Mai of the Kanem–Bornu Empire
- Reign: 1811–1814
- Predecessor: Dunama IX Lefiami
- Successor: Dunama IX Lefiami
- Burial: "Balangwa"
- Dynasty: Sayfawa dynasty
- Father: Ali IV Kalirgima
- Mother: Amina

= Muhammad IX Ngileruma =

Muhammad IX (Note: Some chronologies of Kanem–Bornu rulers omit the 14th-century Muhammad II Manza, lowering the regnal numbers of later rulers of this name. This ruler is then considered Muhammad VIII.) (Muḥammad bin ʿAlī bin Ḥamdūn), called Muhammad Ngileruma, was the mai (ruler) of the Kanem–Bornu Empire in 1811–1814. Muhammad Ngileruma came to power after his nephew Dunama IX Lefiami was deposed in a palace revolt. Little is known of political developments in his reign, though he is credited with founding Kafela as a new imperial capital. Muhammad Ngileruma was deposed without a fight in 1814 and Dunama was restored to the throne.

== Life ==
Muhammad Ngileruma was a son of mai Ali IV Kalirgima (1750–1791). Muhammad's mother was named Amina, "the daughter of Talba".

By 1811, the reign of Muhammad's nephew Dunama IX Lefiami had inspired considerable discontent among the courtiers and nobility of the empire. Dunama had failed to deal with the invasion of the empire in the Fula jihads, with leadership instead mainly falling on the scholar and religious leader Muhammad al-Amin al-Kanemi. Al-Kanemi's growing influence and power as a result of his victories also represented a threat to the empire's establishment.

In 1811, Dunama was deposed in a palace revolt and replaced as mai with Muhammad Ngileruma. The conspirators argued that they were acting justly by pointing to the fact that Dunama had become mai with the abdication of his father, Ahmad Alimi, and had thus irregularly acceded to the position while his predecessor was still alive.
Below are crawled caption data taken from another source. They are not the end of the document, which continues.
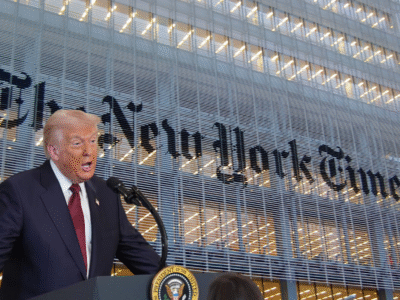 Trump arremete contra periodistas del New York Times por cobertura crítica de su reunión con Xi Jinping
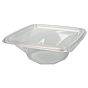Saladeira Plstico RPET Twirl 375ml 140x140x60mm 400 un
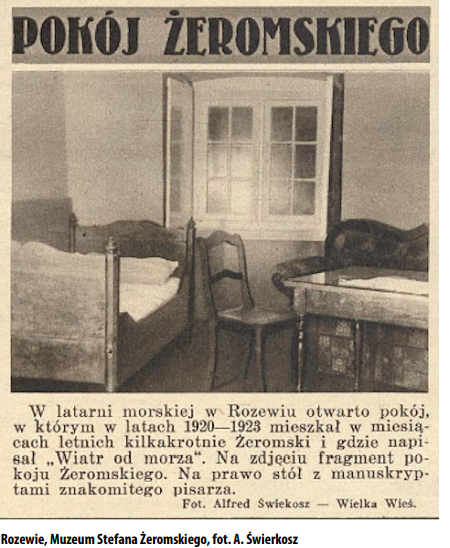 pokój Stefana Żeromskiego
The conspirators expected Muhammad Ngileruma to return the empire to the state of peace and security it had enjoyed prior to the Fula jihads, and to contain the ambitions of al-Kanemi. Muhammad Ngileruma does not appear to have opposed al-Kanemi, however, instead employing him and his warriors as the empire's defense force. A permanent capital was re-established at Kafela, close to al-Kanemi's capital at Ngurno. The previous capital, Ngazargamu, had been destroyed in the Fula jihads. Little is known of the political developments in Muhammad Ngileruma's reign, though he appears to have held his position only tenuously as different factions in Kafela and Ngurno struggled for influence.

Muhammad Ngileruma's reign came to an end after just three years, when al-Kanemi supported the restoration of Dunama IX. The mai had, like Dunama, failed to lead the resistance against the Fulani. Muhammad Ngileruma was also a man of deep religious convictions, and had imposed unpopular legal strictures at court. With the pretext of preparing another campaign against the Fulani, al-Kanemi summoned leading courtiers to Ngurno. The courtiers who did not support Dunama were outnumbered and forced to comply. Upon hearing of the conspiracy, Muhammad Ngileruma left Kafela quietly without a fight. Al-Kanemi, Dunama, and their supporters then rode to Kafela and again invested Dunama as mai. Muhammad died some time later and was reportedly buried at a site called Balangwa.